Le soir suivant, sans scepticisme, Charles installa sur le sol un drap sur lequel il mit six petites bougies. Sous le regard cynique d'Aloïs, il arrachait les posters et autres décorations des murs.
-Tu fais quoi ? Lui demande ce dernier.
-Je nous enlève toutes sortes de distractions, cette nuit, on va parler à mon arrière, arrière, arrière, arrière... euh, enfin, mon ancêtre...
-T'y crois ?
-Pas vraiment, mais écoute ; en 1852, Victor Hugo, après avoir été chassé de France par le coup d'Etat de Louis-Napoléon Bonaparte, le troisième Napoléon si tu préfères, Hugo est partit se réfugier en Belgique, puis à Jersey, il rejoint alors des gens de sa famille. Ou de la notre... Il loua ensuite une maison isolée dans une vallée sinistre où s'engouffrent les tempêtes de la Manche. Dans son ouvrage Victor Hugo et le spiritisme, le docteur Jean de Mutigny décrit cette demeure prédestinée à abriter bientôt des scènes étranges ; attends deux secondes que je te lise ce que j'ai vu : « Pour tout paysage, la mer, les ruchers dantesques, un dolmen et un cimetière voisin pour égayer le tout.
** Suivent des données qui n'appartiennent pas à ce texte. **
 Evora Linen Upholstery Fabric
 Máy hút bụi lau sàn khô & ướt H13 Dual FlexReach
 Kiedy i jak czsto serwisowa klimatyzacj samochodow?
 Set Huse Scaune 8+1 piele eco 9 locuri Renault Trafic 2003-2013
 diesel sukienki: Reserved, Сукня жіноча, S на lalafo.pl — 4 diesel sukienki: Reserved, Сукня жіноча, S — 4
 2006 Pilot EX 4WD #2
D'ailleurs la plage, si l'on fait foi aux habitants du pays, est hantée. On peut y voir, pendant les nuits de pleine lune, un décapité qui erre inlassablement à la recherche du repos éternel, il y a aussi la Dame blanche, jeune femme infanticide qui apparaît de temps en temps sur les rochers, une Dame noire, ancienne druidesse qui aurait immolé son père sur un dolmen au cours d'une cérémonie et une certaine Dame grise, dont on ignore les antécédents ».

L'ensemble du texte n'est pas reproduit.